→ Instructions for the task
Look through the data below. Collect every line where the word "Mercedes" occurs.

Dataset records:
##########

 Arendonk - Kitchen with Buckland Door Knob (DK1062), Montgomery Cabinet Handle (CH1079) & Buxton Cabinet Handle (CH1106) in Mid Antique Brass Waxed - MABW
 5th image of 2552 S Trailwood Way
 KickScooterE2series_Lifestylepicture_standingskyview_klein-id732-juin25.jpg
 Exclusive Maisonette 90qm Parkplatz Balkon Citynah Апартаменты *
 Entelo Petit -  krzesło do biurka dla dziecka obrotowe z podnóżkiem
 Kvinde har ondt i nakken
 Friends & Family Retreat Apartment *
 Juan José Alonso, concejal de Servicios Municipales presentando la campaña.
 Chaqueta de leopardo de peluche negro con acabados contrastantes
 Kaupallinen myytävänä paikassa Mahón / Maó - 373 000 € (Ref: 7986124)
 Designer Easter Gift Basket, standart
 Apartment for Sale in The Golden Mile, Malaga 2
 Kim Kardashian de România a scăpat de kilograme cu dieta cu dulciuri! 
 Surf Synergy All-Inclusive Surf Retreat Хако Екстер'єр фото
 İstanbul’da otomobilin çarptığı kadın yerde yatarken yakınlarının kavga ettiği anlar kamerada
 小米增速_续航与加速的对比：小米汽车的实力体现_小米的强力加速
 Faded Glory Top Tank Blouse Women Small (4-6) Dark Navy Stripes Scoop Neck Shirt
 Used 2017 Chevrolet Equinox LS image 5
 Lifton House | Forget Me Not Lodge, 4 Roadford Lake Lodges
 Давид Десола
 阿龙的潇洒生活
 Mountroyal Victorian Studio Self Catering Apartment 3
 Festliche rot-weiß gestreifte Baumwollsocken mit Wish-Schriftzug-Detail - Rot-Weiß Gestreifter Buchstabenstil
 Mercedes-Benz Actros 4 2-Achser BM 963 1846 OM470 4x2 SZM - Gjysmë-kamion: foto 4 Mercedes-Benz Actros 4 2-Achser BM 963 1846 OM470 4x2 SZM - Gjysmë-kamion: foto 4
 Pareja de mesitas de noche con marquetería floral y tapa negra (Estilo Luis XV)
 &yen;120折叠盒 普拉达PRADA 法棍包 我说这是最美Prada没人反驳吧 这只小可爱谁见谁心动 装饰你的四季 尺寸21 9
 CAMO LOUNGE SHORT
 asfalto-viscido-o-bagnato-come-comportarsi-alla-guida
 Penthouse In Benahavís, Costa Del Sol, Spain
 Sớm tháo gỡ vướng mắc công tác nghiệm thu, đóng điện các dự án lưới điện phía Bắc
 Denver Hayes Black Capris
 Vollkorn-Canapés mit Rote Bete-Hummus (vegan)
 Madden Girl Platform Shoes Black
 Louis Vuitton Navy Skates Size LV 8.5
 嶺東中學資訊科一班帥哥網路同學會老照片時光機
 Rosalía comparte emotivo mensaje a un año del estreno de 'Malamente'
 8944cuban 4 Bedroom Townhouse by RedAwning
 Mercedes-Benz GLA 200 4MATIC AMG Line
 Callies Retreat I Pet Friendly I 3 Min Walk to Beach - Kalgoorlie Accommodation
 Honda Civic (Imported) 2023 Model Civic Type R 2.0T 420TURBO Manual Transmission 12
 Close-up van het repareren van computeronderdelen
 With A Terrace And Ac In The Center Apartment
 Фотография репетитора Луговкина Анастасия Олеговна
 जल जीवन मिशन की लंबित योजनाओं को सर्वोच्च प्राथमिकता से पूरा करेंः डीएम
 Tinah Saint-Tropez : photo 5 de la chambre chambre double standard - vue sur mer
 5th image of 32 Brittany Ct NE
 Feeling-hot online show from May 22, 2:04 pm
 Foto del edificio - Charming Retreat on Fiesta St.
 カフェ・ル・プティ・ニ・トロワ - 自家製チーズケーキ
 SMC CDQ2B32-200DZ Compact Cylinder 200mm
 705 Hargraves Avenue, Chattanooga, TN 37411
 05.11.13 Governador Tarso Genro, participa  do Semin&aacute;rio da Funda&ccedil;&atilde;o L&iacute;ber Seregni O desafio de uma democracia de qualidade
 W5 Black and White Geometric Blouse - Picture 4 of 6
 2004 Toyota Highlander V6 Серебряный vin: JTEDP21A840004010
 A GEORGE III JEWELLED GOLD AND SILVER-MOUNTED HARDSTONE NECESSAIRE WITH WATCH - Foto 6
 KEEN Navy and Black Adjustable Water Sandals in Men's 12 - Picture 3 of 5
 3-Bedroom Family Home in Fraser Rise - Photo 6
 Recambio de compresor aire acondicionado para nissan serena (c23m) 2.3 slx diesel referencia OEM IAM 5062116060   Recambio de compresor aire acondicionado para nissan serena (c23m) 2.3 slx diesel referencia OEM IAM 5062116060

##########

→ Response to this exercise
 Mercedes-Benz Actros 4 2-Achser BM 963 1846 OM470 4x2 SZM - Gjysmë-kamion: foto 4 Mercedes-Benz Actros 4 2-Achser BM 963 1846 OM470 4x2 SZM - Gjysmë-kamion: foto 4
 Mercedes-Benz GLA 200 4MATIC AMG Line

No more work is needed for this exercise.